One-Meter Chain Reaction:
Exploring Distance, Imitation, and Connection
One-Meter Chain Reaction is a participatory system developed by Scrapheap Collective.
The work is structured around a simple spatial rule: participants are arranged in a linear sequence, each maintaining approximately one meter of distance from the person in front. Within this structure, movement is transmitted through chains of imitation.
What emerges is not a performance to be observed, but a system of continuous feedback, where gestures, timing, and bodily decisions circulate as signals across participants.
Imitation here is not reproduction, but transformation. Each body interprets, translates, and slightly shifts the movement it receives. These variations accumulate, generating a constantly evolving chain of embodied information.
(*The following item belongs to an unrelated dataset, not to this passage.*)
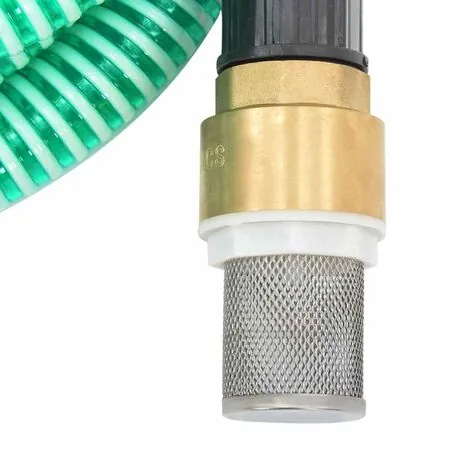  Furtun de aspirație cu racorduri din alamă, verde 1,1" 5 m, PVC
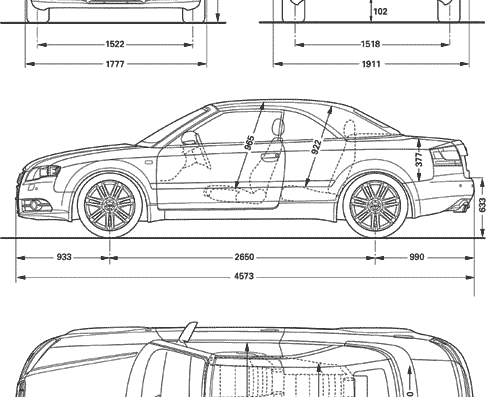 Audi S4 - Ауди - чертежи, габариты, рисунки автомобиля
Within this system, participants are not positioned as performers or observers, but as components within a distributed network of interaction. Human and spatial elements operate together, producing relational effects that are both immediate and delayed.
The work treats space not as a backdrop, but as an active condition that shapes and is shaped by movement, attention, and proximity.
Across different iterations in London, the system has been activated in various environments, each producing distinct patterns of collective movement and interaction.
In these settings, One Meter Chain Reaction functions as a mechanism for exploring how signals travel through bodies, how meaning shifts through imitation, and how collective structures emerge from simple rules.
One-Meter Chain Reaction will return in 2026 on an even larger scale—stay tuned!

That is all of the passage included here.